CHICAGO – Generally, working with a payments provider is considered a “low touch” experience for online retailers, meaning that once the payment technology is coded onto a website, the retailer rarely has to deal with the provider again.
As a result, interaction with the provider, or extra hand-holding, is becoming less common in an advancing digital payments age for e-retailers.

"It is a case where we are understanding it (payments technology) more and these are trusted providers who are very good at what they do,” said Chris Smith, director of e-commerce for Big 5 Sporting Goods, at the annual Internet Retailers Conference on Tuesday.
Smith's company works with Cybersource, PayPal and Visa Checkout on its websites. The idea is to support multiple online payment options without having it be a high-maintenance relationship.
“Payments are a key touchpoint for us and a critical function on the site,” Smith said.
E-commerce merchants often find themselves in the middle of the perfect technology storm as nearly every aspect of their websites’ touchpoints with consumers is undergoing dramatic change.
“The e-commerce ecosystem is turning over constantly, and it becomes a question of how we manage all of the agencies (providers) involved,” said Charles Hunsinger, senior vice president and chief information officer for Oriental Trading Company.

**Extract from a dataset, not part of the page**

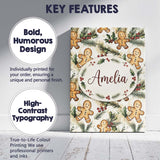 Personalised Name Cute Gingerbread Cookies Custom  Unique Gift Idea Elegant Feature Canvas Wall Art Print Decor Picture Ready to Hang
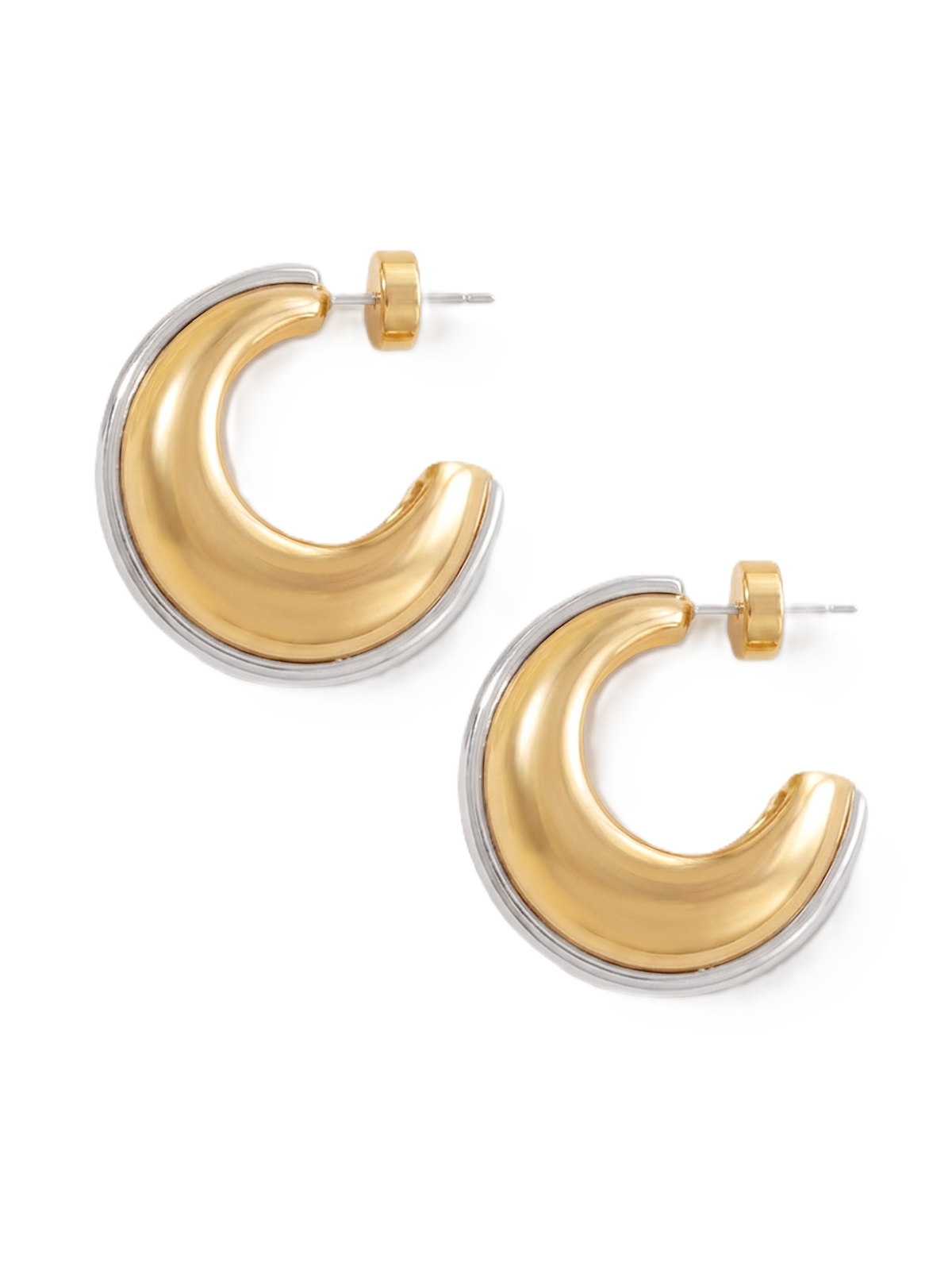 Veronica Beard | Two-Tone Hoop Earring in Gold/Silver Gold/Silver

Still, it is best for e-retailers to complete due diligence with any project that will change user interface on their sites and understand what the vendors bring to the table and how their tech teams match up with their own.
“Performance has to be a major consideration,” Hunsinger said. “Your site is probably already too slow, but you have to ensure the proper time to build it, implement it and adequately test it.”
In the same manner as an organization like Mastercard Advisers tells its clients to test all levels of a payments project at different sites, that message is being delivered to those operating on the e-commerce landscape.
“It’s important to know if you can pilot a project without a commitment to it,” Hunsinger said. “It’s like finding out if you can live together before you get married.”
Retailers should determine in a contract who will test what, once a new feature or service is deemed ready to present on a site, Hunsinger said. “Does the tech partner have a sandbox for testing, and what parts of it will be tested by the merchant?” he added.
It doesn’t take much to turn a launch into mayhem if proper testing hasn’t weeded out all potential problems.
“A few lines of code not set up right can cause all sorts of problems on your site,” Hunsinger said.
Even without dramatic overhauls of monolithic e-commerce sites, retailers are entering an age in which they can add application programming interfaces onto older networks for new designs and features. But it all takes the same attention and care.
“You can implement an API layer over time to expose key functionality of an older system,” said Rodney Woodruff, vice president of engineering at Weight Watchers. “More user interfaces is the goal, and getting to a spot where engineering personnel can help you through it.”
It is always wise for an e-commerce merchant to understand that any feature on a site should allow a consumer to interact in less than three seconds, Woodruff said. At the same time, he warns that merchants should only add products that they know their customers will enjoy.
“If you talk to developers every day, they will always implement stuff that isn’t really needed,” he said.